I don't think I'll ever understand why so many people I know downright hated this film, but I for one hope that Kev's interview claim, that the movie is the opening act of a planned trilogy, will become a reality.
4* out of 5

3- Cashback
2006 Dramatic Comedy
STARRING Sean Biggerstaff, Emilia Fox, Shaun Evans, Stuart Goodwin

This is one of those films that was never shown in any of the dozen theaters in my area, that no one in my entourage has ever heard of and came under my radar purely by chance. And I have to say I love chance. A lot.

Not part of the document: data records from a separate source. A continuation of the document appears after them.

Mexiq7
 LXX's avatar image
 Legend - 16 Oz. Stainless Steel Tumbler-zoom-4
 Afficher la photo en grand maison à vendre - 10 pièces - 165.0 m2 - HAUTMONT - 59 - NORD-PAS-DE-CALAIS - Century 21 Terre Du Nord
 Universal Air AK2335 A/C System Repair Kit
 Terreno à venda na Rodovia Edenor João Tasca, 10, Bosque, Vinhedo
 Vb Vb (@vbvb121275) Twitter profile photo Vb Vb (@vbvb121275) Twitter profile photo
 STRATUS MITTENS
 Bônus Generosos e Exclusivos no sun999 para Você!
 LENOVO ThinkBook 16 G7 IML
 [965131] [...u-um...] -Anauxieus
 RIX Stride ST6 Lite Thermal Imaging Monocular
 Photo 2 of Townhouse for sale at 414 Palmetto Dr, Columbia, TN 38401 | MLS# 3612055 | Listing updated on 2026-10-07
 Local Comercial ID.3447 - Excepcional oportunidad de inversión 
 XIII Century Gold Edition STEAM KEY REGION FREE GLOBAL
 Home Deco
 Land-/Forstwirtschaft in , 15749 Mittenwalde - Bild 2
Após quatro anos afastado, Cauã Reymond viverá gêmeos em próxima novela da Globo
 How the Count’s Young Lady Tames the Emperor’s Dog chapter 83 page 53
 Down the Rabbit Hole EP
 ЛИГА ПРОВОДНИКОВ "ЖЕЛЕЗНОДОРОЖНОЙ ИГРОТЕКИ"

"Cashback" follows brokenhearted college student Ben Willis as he journeys through a supermarket's night shift job to get something out of his prolonged bout of insomnia. Surrounded by spectacularly braindead co-workers and a narrow-visioned best friend, Ben tries to relieve his suffering with his uniquely artistic imagination, and the help of the only co-worker capable of putting him back to sleep.

The film started out as a short, whose Oscar nomination gave author Sean Ellis a template to expand - the short is incorporated "as is" inside the feature. Ellis displays every bit of passion from a burgeoning filmmaker who can finally unleash every concept and idea stored in his mind for years. The result is somewhat flawed and clearly uneven, but injected with an absolutely breathtaking innocence and an unmistakable talent. Young Sean Biggerstaff, known to most as Harry Potter's Oliver Wood, displays a very refreshing yet contained charisma that signals the coming of a future star. The rest of the cast, mostly (and to great effect) unknowns never seem to feel out of place, each chewing their every scene with great fun and gusto. And the lovely Emilia Fox continues to make me wonder why she isn't a much better known actress.

I give Ellis and his film only 3.5 stars out of 5, because I know he has barely touched the tip of his talent and can bring us much greater pieces of film making with a little kick in the arse. Until it happens, though, I'll keep enjoying his debut for what it is - a surprisingly sweet and original film.